Many temples across the country even prohibit the entry of Dalits and people from other backward communities.
The TTD, which operates cash-rich Lord Venkateshwara temple in Tirumala in Chittoor district, is training in batches more than 200 people belonging to SC, ST and fishermen communities in priesthood and other Vedic rituals and religious practices.
Unlike the TDB, the Devasthanams will, however, not appoint the trained priests from the backward communities in the “regular temples” it operates. Instead, the trainees will be accommodated as priests in temples it is constructing in various Dalit colonies, tribal areas and fishermen villages across the state.
“We are at present constructing nearly 500 temples in these areas where regular Brahmin priests are not available,” TTD official spokesman T Ravi told Hindustan Times.
“We have been training Dalits, tribals and fishermen under the auspices of TTD Dharma Prachara Parishad in various Vedic rituals, so that they could get appointed as priests in their respective villages,” Ravi added.
In all the existing temples the independent trust operates, only traditional Brahmin priests perform the rituals and pujas.
According to TTD executive officer A K Singhal every year three batches of SCs, STs and fishermen would undergo training to perform pujas in the temples in their respective villages.
“The role of Archakas (priests) is not only to perform puja as per the prescribed tenets but also to play a vital role in the propagation of Hindu dharma,” he said, while presenting certificates to 30 priests belonging to backward communities who completed the training.
Though the proposal for imparting training for priesthood to Dalits and Adivasis was mooted long ago, it had taken a shape only last year.
“In the past, there were short training programmes for them, but for the first time, a full-fledged training course is being conducted in Vedic rituals, so that they will be eligible to be appointed as priests in the temples in their respective areas,” Ravi said.
A senior TTD official, who refused to be quoted, said the main objective of training SC, ST and BC priests and appointing them in temples in their own villages is to prevent religious conversions.

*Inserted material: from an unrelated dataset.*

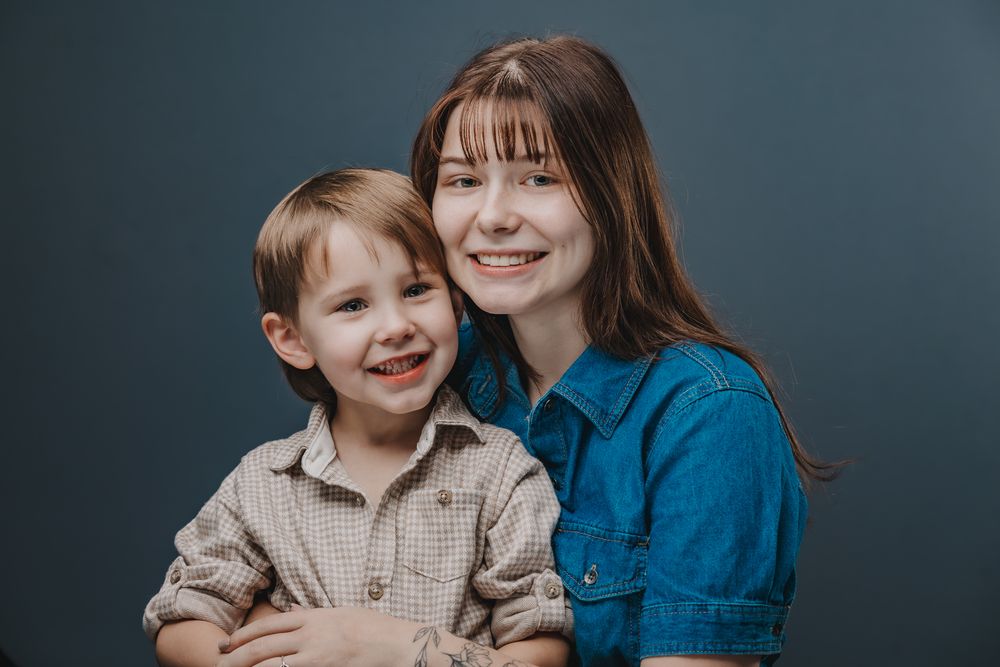 A mother and young son share joyful moments together in a series of candid portraits against a dark background.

“In many parts of the state, people belonging to backward communities are being lured into other religions like Islam and Christianity, because of caste discrimination among Hindus,” he said.
“The TTD has taken up this programme to remove the social stigma and give these people a sense of belonging in Hinduism,” the official said.
A decade ago, the TTD had launched a programme called Dalita Govindam, wherein the temple authorities used to take out procession of Hindu gods in Dalit and tribal hamlets and distribute “prasadam” among the people.
However, the programme was stopped in 2010 as there was no follow-up action in “spreading Hindu dharma” in these colonies, the official added.